Wird die SPD noch gebraucht? Natürlich ja – auch und insbesondere im Hinblick auf die Europawahlen im nächsten Jahr. Die europakritischen und antieuropäischen Kräfte im EU-Parlament werden immer stärker, gerade da braucht es die SPD als starke pro-europäische Kraft. Ein Problem der vergangenen Jahre sei es, dass jede sozialdemokratische Partei alleine kämpft, während die Rechten Allianzen schließen. Auch die Kräfte auf der politischen Linken müssten wieder mehr zusammenarbeiten, um die EU zu stärken, zum Beispiel durch einen gemeinsamen Investitionshaushalt, und die Vision der Vereinigten Staaten von Europa zu verwirklichen.

Die SPD müsse sich neu erfinden und eine neue Art zu diskutieren entwickeln. Der Anfang dazu wurde mit dem Debattencamp am letzten Wochenende gemacht. Die Ungleichheit und die Schere zwischen Arm und Reich werden immer größer – darüber werde zu wenig geredet, die Kernaufgabe der Sozialdemokratie sei es, diese Ungleichheit zu bekämpfen.

Wir müssen wieder die Machtfrage stellen. Das hat die SPD seit ihrer Gründung gemacht und damit unter anderem die Sozialversicherung, den 8-Stunden-Tag und das Frauenwahlrecht erstritten. Heute liege die Macht im digitalen Kapitalismus, dem zentralisierten Netz und den großen Unternehmen, die praktisch eine Monopolstellung haben. Wir brauchen eine gerechte Besteuerung dieser Unternehmen, zum Beispiel über eine internationale Mindeststeuer, und ein europäisches Kartellrecht, um eine übermächtige Stellung einzelner Unternehmen zu verhindern. Diese Machtfrage habe dieselbe Dimension wie die vor 100 Jahren

Wir müssen Hartz IV hinter uns lassen – das Sozialsystem brauche nach 15 Jahren eine Generalüberholung und nicht nur einzelne Nachbesserungen. Der Sozialstaat dürfe kein Hindernisparcours sein für die Menschen, die ihn in Anspruch nehmen. Eine Rundumerneuerung der Sozialsysteme könnte bedeuten: Auch Beamte und Selbständige zahlen in die Rentenkasse ein. Wir schaffen die Zwei-Klassen-Medizin ab und führen stattdessen die Bürgerversicherung ein.
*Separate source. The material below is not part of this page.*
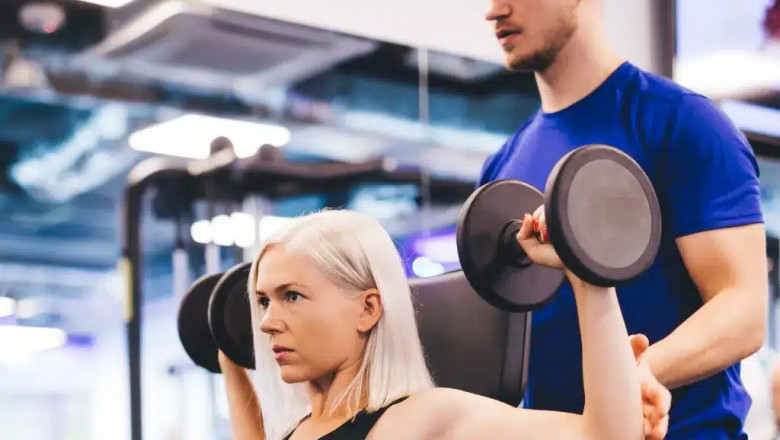 Achieve Your Fitness Goals with a Personal Trainer in Dubai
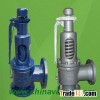 DIN Spring loaded Pressure Safety Valve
Bei der Arbeitslosenversicherung müssen die Sanktionsregime verändert werden. Es sei ein Fehler, diese Gesetze aus der Perspektive derer zu machen, die sie missbrauchen könnten, statt aus der Perspektive derer die sie brauchen. Viele der Sanktionen seien Schikane, eine hohe Zahl der Sanktionsentscheidungen wird von den Gerichten wieder einkassiert. Dabei ist besonders wichtig: 2 Millionen Kinder sind aktuell in der Grundsicherung. Diese müssen aus der Sozialhilfe raus, die Grundsicherung für Kinder muss bedingungslos sein.

Die Diskussionen auf dem Debattencamp haben gezeigt: Der Neuanfang kann gelingen. Wir müssen unsere Ideen aus Berlin in die Regionen tragen und gemeinsam für eine starke Sozialdemokratie stehen.